== Task directions ==
Your answer should be the full data, transcribed exactly, with no pictures in it.

== Data shown ==
☆ ☆ ☆ ☆

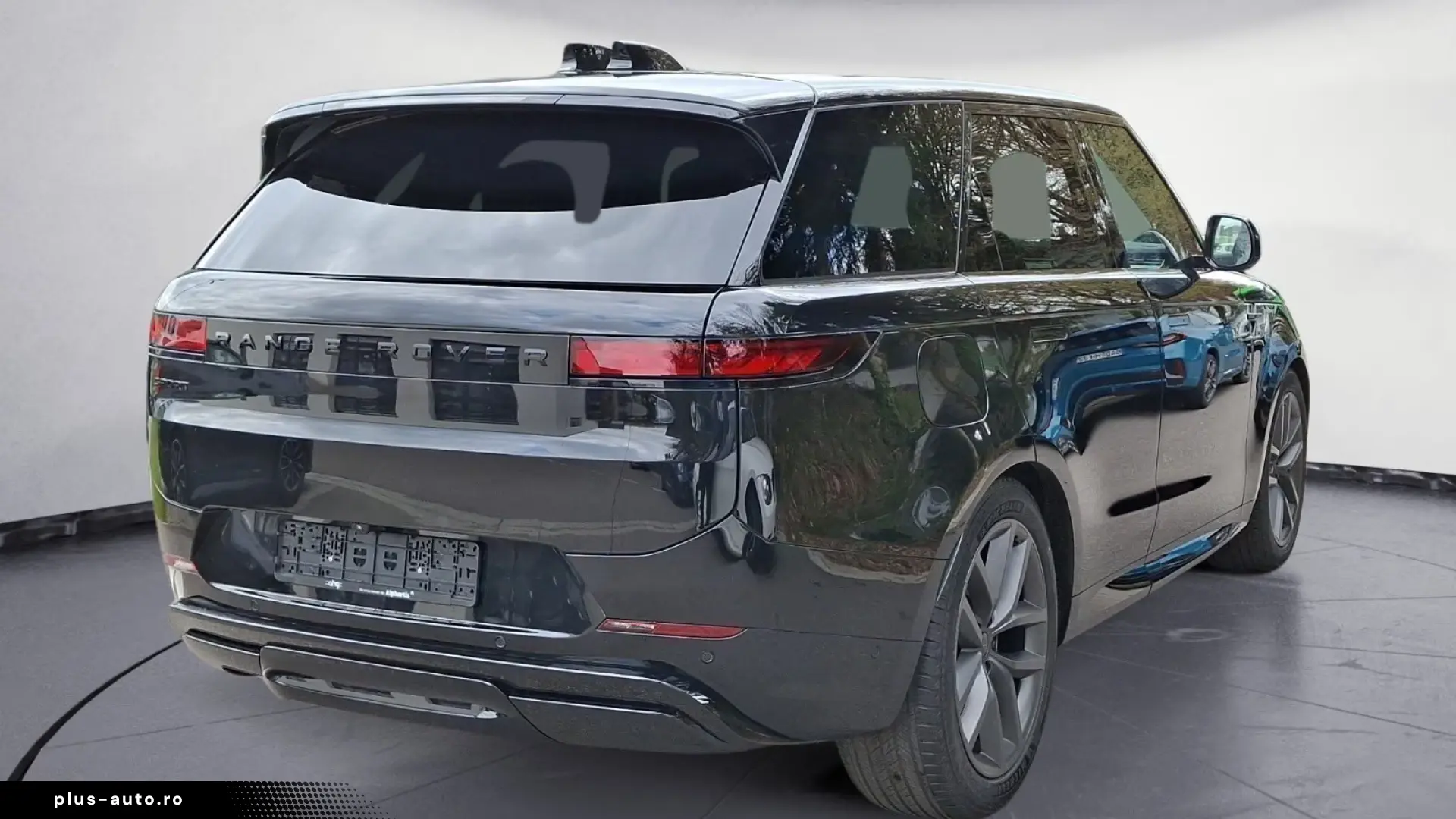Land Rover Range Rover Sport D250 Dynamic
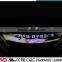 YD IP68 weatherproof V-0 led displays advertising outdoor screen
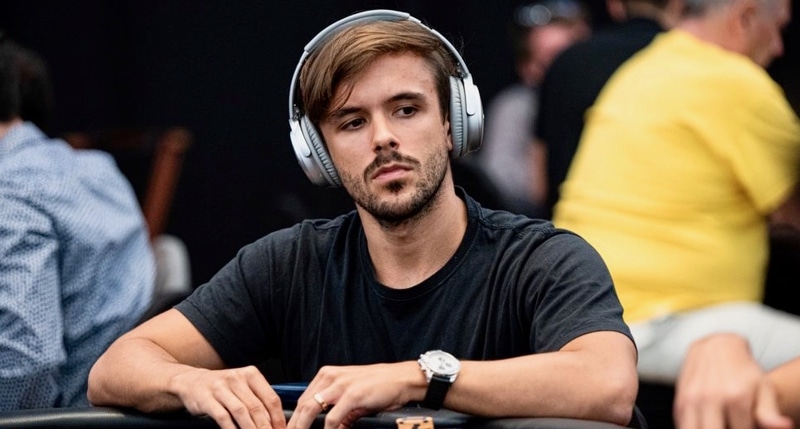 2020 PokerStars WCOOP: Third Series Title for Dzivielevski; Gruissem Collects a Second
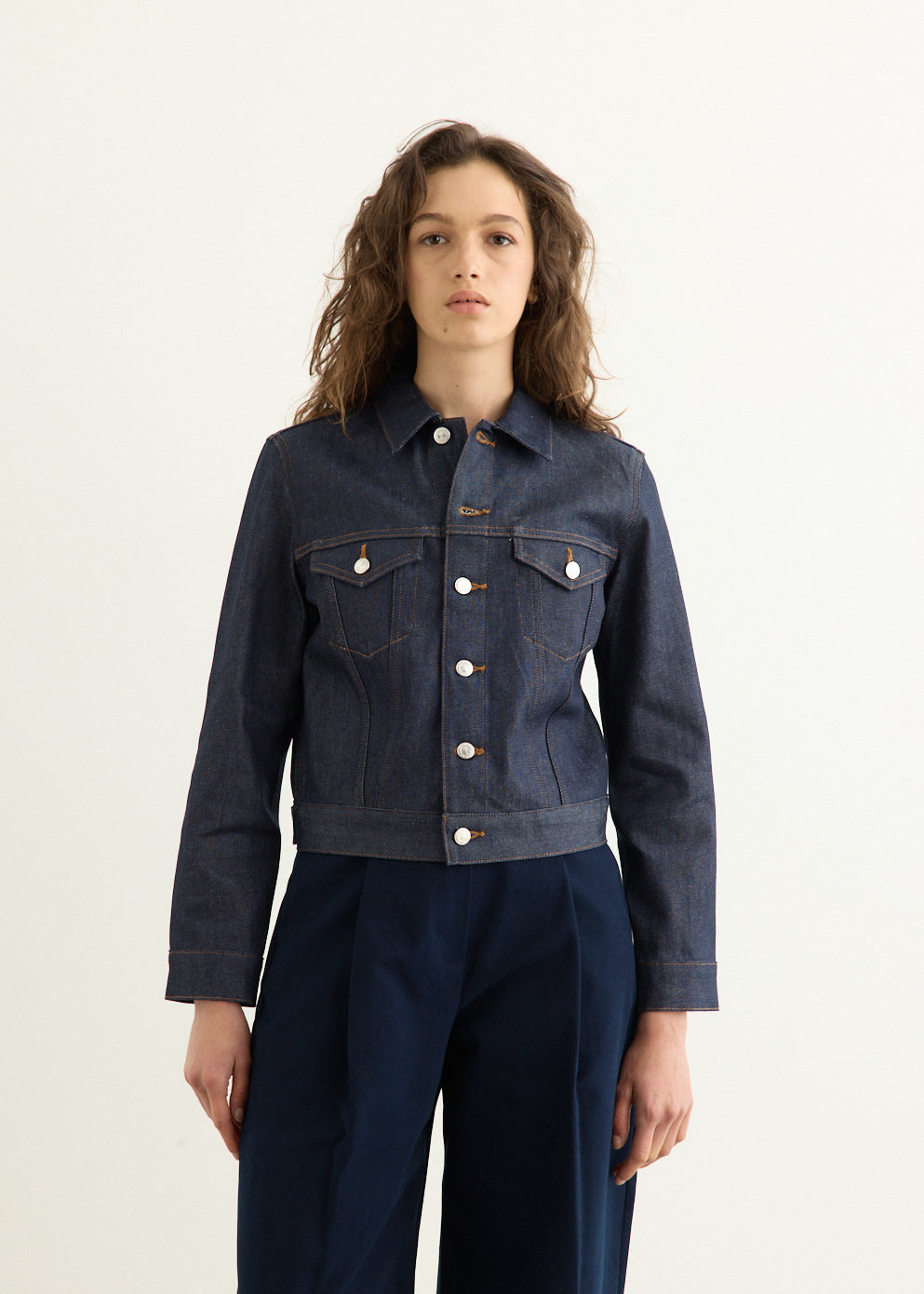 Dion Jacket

☆ ☆ ☆ ☆

== Exercise response ==
Land Rover Range Rover Sport D250 Dynamic
 YD IP68 weatherproof V-0 led displays advertising outdoor screen
 2020 PokerStars WCOOP: Third Series Title for Dzivielevski; Gruissem Collects a Second
 Dion Jacket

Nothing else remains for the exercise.